■ **Records for the task**
══════

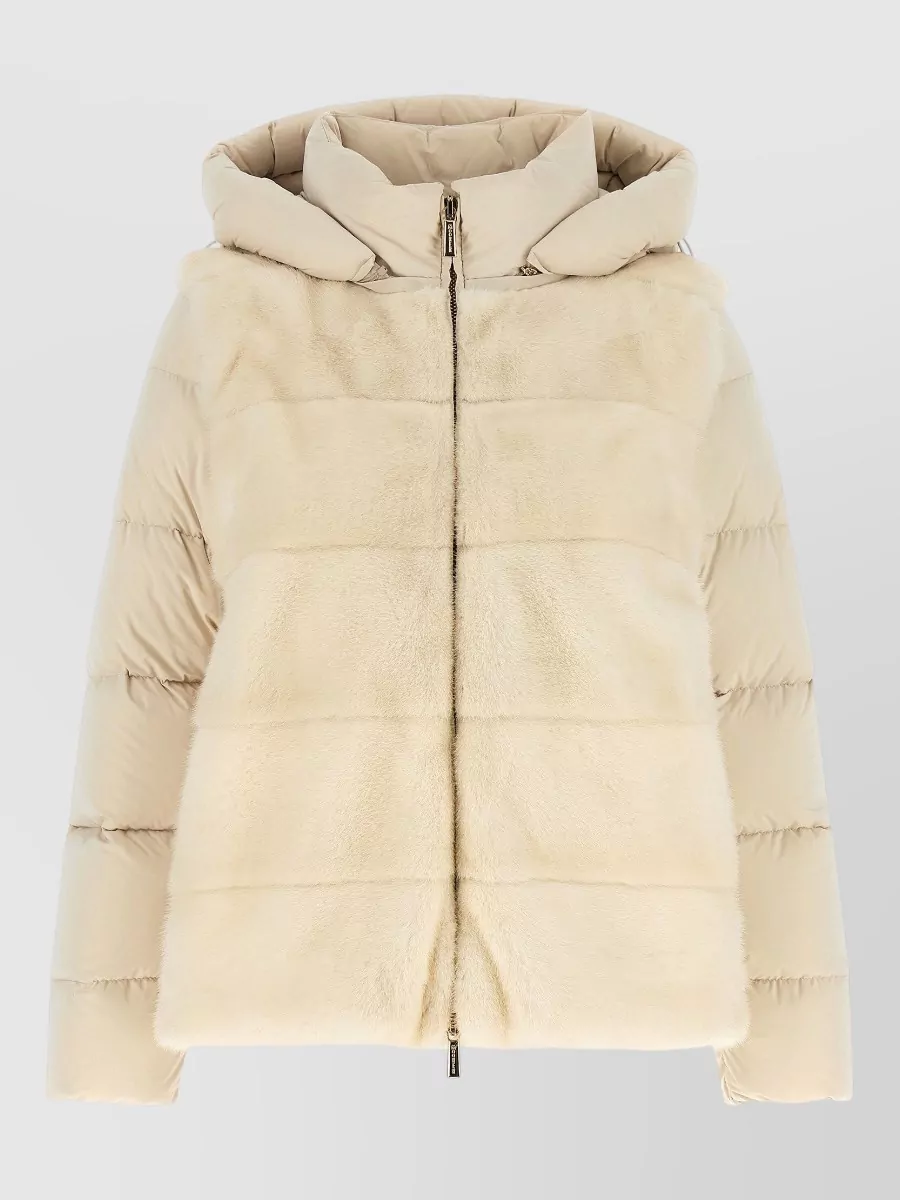 Moorer cashmere shearling panel quilted down jacket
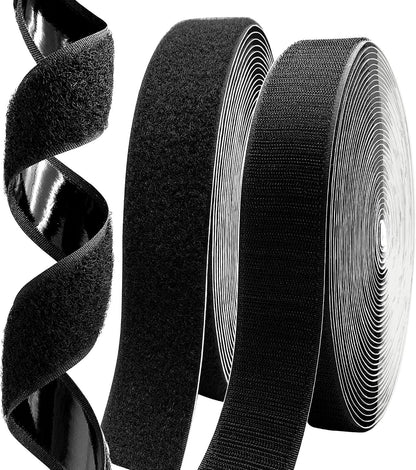 2 Inch x33 Feet Adhesive Hook and Loop Tape,Nylon Heavy Duty Tape Fasteners,Black Double Sided Self Adhesive Interlocking Tape Can Be Used to Fix Screen Window Sofa Cushions Carpet Wall Hanging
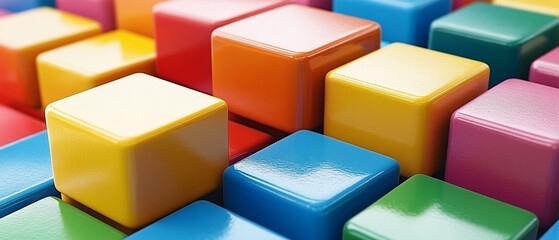 Obraz premium Colorful blocks arranged in a vibrant pattern, perfect for educational materials, toys, or abstract design concepts.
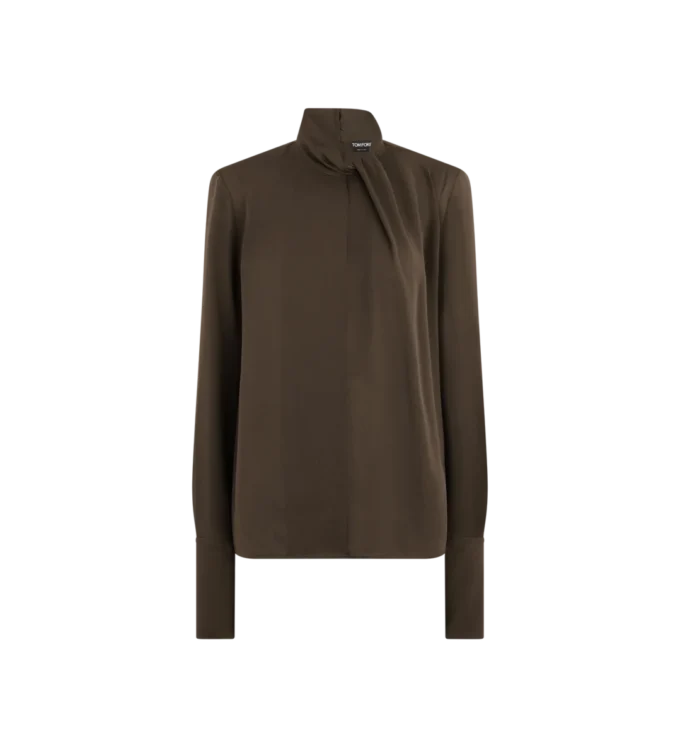 Washed Silk Georgette Long Sleeve Blouse
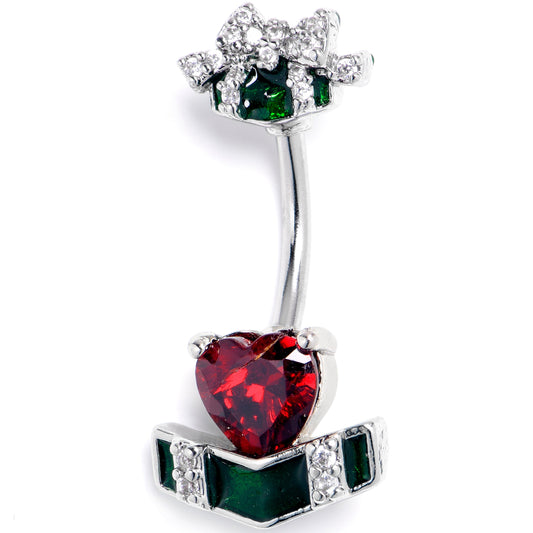 Black Red Gem Holiday Abstract Heart Double Mount Belly Ring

══════

Write the entries above out in full, exactly, with no images.

 Moorer cashmere shearling panel quilted down jacket
 2 Inch x33 Feet Adhesive Hook and Loop Tape,Nylon Heavy Duty Tape Fasteners,Black Double Sided Self Adhesive Interlocking Tape Can Be Used to Fix Screen Window Sofa Cushions Carpet Wall Hanging
 Obraz premium Colorful blocks arranged in a vibrant pattern, perfect for educational materials, toys, or abstract design concepts.
 Washed Silk Georgette Long Sleeve Blouse
 Black Red Gem Holiday Abstract Heart Double Mount Belly Ring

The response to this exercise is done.